Alors que faisons-nous de ce réel ? Je soutiens que l’une des réponses possibles à cette question se trouve dans leSéminaire XXIII. Dans l’antépénultième cours, Lacan déclare, « Je me suis beaucoup préoccupé de Joyce tous ces temps-ci, et je vais vous dire en quoi Joyce est stimulant. Joyce est stimulant parce qu’il suggère, mais ce n’est qu’une suggestion, une façon aisée de le présenter. Moyennant quoi, et c’est bien là sa valeur, son poids, tout le monde s’y casse les dents […] il doit y avoir un Joyce maniable[2]. » Et, en vérité, deux cours plus tard, il nous livre cette voie d’accès à Joyce : Au travers de ses incursions dans la totalité de l’œuvre de Joyce, sa longue biographie par Ellman et toute la littérature secondaire, Lacan trouve un accès facile à Joyce à partir de l’épisode où, enfant, il est battu par ses camarades de classe[3]. Ceci apparait comme différent de l’interprétation et le choix de « maniable » est significatif dans la mesure où il évoque là une façon de traiter Joyce, ou « d’utiliser », signifiant important à présent dans notre travail sur les rêves, cet épisode, à partir d’un maniement subtil de quelque chose comme des ronds de fils. Nous en faisons l’expérience dans l’analyse et pouvons en entendre quelque chose lors des témoignages de passe des Analystes de l’École – ces moments où quelque chose est dit qui est « utile », qui soudain fraye un chemin facile à l’analysant, à propos de quelque chose d’ineffable.

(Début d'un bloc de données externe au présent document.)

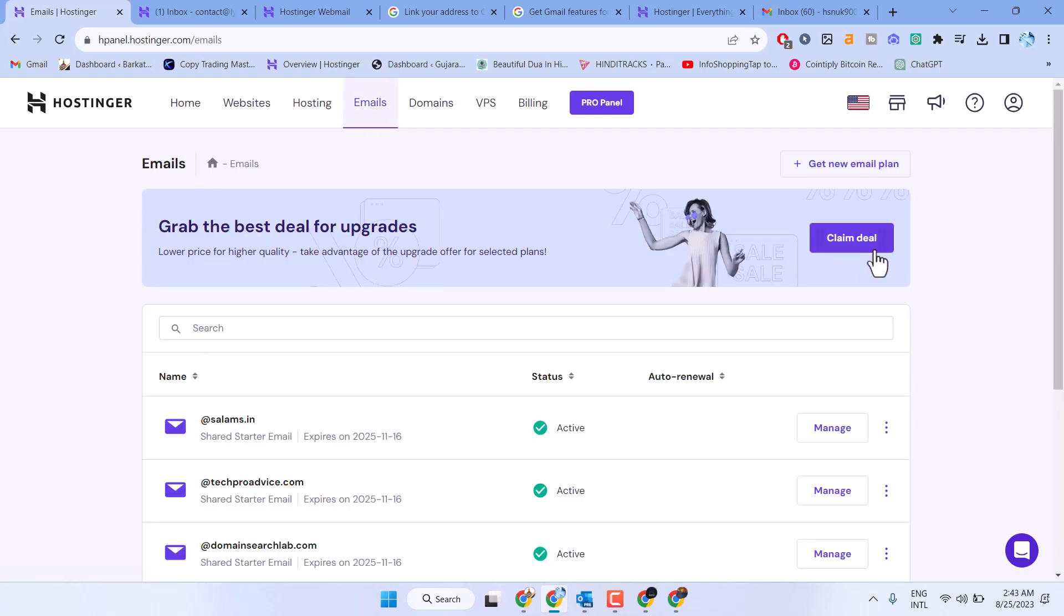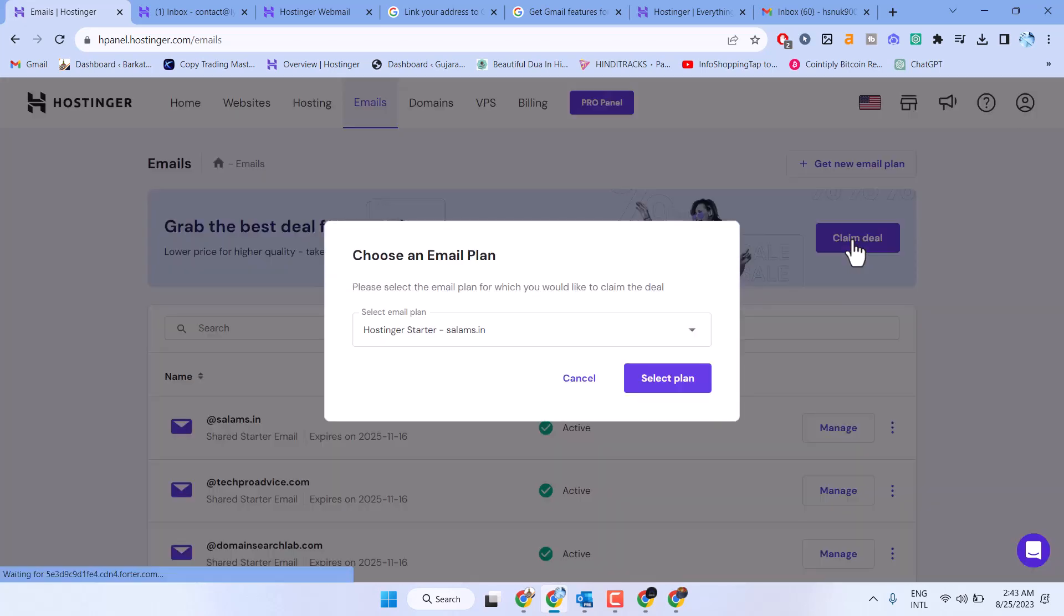Now here you will see Grab the best deal for upgrades. Click on Claim Deal. Now here choose an email plan.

Dans le Séminaire XXIII, Lacan affirmait bien que « Il y a une chose qui est en tout cas certaine […], c’est que l’idée même de réel comporte l’exclusion de tout sens. Ce n’est que pour autant que le réel est vide de sens, que nous pouvons un peu l’appréhender. Ce qui évidemment me porte à ne même pas lui donner le sens de l’Un, mais il faut quand même bien se raccrocher quelque part[4] ». J’aime cette expression « raccrocher ». Dans l’expérience analytique, comme « maniable », prise facile, elle implique un moyen d’approche du réel et d’un usage possible dans l’expérience analytique.
Traduction : Catherine Massol
[1] Cf Lacan, Jacques, “Yale University, Séminaire Kanzer ” [24 novembre 1975], Scilicet n° 6/7, 1975, p. 7-31.
[2] Lacan, Jacques, Le Séminaire, Livre XXIII, Le Sinthome, Seuil, Paris, 2005, p. 120.
[3] Cf ibid., p. 148-149.
[4] Lacan, Jacques, « L’insu que sait de l’une-bévue s’aile à mourre », leçon du 8 mars 1977, inédit.